I’m trying to join two datatables which have the same exact columns, have matching rows, but have unique cell values.
Table 1:
ID | Name | Ticket
1 | John |
2 | Peter | 205
3 | Mary |
Table 2:
ID | Name | Ticket
1 | John | 301
2 | Peter |
3 | Mary | 564
When I attempted an inner join with matching ID, I got:
ID | Name | Ticket | ID_1 | Name_1 | Ticket_1
1 | John | 301 | 1 | John |
2 | Peter | | 2 | Peter | 205
3 | Mary | 564 | 3 | Mary |
When I attempted to merge the datatables, I just got additional rows.
Is there a way to actually join two data tables without duplicating columns, or duplicating rows?
The end result I’m looking for is:
ID | Name | Ticket
1 | John | 301
2 | Peter | 205
3 | Mary | 564
When the above Task using Join Datatables Activity satisfies the requirement, we use Filtering options/Filter Datatable Activity for removing the Columns that would generate as duplicate keys.
Another approach would be to use Linq Join, but in here we would be preparing the datatable by selecting which columns to be preserved for the Output. A Video Explanation is shown below :
If you do want to raise this as a Feature Request, you could also do this as a Feedback.
How do you use the Filter activity without removing data? It’s okay if I remove Column ID_1 but I can’t remove Ticket_1 without losing data. Plus, I want the ‘Ticket’ data to be on the Ticket column, not on ‘Ticket_1’
@sidb
With one of my work fellows @kumar.varun2 we developed an approach
we merged all dt into one
grouped on the ID
created from each column from the groupmembers a helper tuple
filtered out the empty value ones
driven by the data column schema we build the itemarray where missing ones were creared with empty vlaues
added the merged row to an result datatable
Varun will continue on this approach with details and samples
we were also able to extend this approach to merge multiple datatable and implemented some rules where to pick when more datatables has the value for a particular column.
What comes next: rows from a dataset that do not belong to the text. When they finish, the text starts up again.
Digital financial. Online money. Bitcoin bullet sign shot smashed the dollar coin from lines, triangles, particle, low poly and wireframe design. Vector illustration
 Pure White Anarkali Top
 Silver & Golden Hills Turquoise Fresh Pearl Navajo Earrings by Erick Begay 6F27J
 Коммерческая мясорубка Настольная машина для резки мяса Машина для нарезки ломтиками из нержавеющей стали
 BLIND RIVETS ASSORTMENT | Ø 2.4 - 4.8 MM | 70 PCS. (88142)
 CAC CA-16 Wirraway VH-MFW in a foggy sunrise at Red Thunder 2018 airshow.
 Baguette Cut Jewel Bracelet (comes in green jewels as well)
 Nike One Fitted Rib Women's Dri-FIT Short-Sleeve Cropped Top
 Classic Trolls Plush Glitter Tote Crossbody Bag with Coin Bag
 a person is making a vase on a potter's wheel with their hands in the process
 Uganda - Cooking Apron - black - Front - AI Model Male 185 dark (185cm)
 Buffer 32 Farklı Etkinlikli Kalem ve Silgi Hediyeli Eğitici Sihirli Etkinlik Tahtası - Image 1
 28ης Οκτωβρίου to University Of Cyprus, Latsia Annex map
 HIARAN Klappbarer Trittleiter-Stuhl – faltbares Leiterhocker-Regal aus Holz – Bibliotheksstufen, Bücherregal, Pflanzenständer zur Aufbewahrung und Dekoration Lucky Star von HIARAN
The motivation about this was:
the case is not a merge only usage - as the rows are not merged within one row
it is not a side-by-side merge
the data joins were not appropriate enough and satisfying
we looked for an approach handling multi datatable merges
(
From row In dt.AsEnumerable()
Group row By k = row("ID").ToString.Trim
Into grp=Group
Let lt = grp.Select(Function(g) arrColSet.Select(Function(cn) Tuple.Create(cn, g(cn)))).SelectMany(Function(t) t)
Let ltf = lt.Where(Function(t) Not (IsNothing(t.Item2) OrElse String.IsNullOrEmpty(t.Item2.ToString.Trim)))
Let ra= arrColSet.Select(Function(c) ltf.Where(Function(t) c.Equals(t.Item1)).DefaultIfEmpty(New Tuple(Of String, Object)(c, Nothing)).First().Item2).ToArray
Select r = dtResult.Rows.Add(ra)
).CopyToDataTable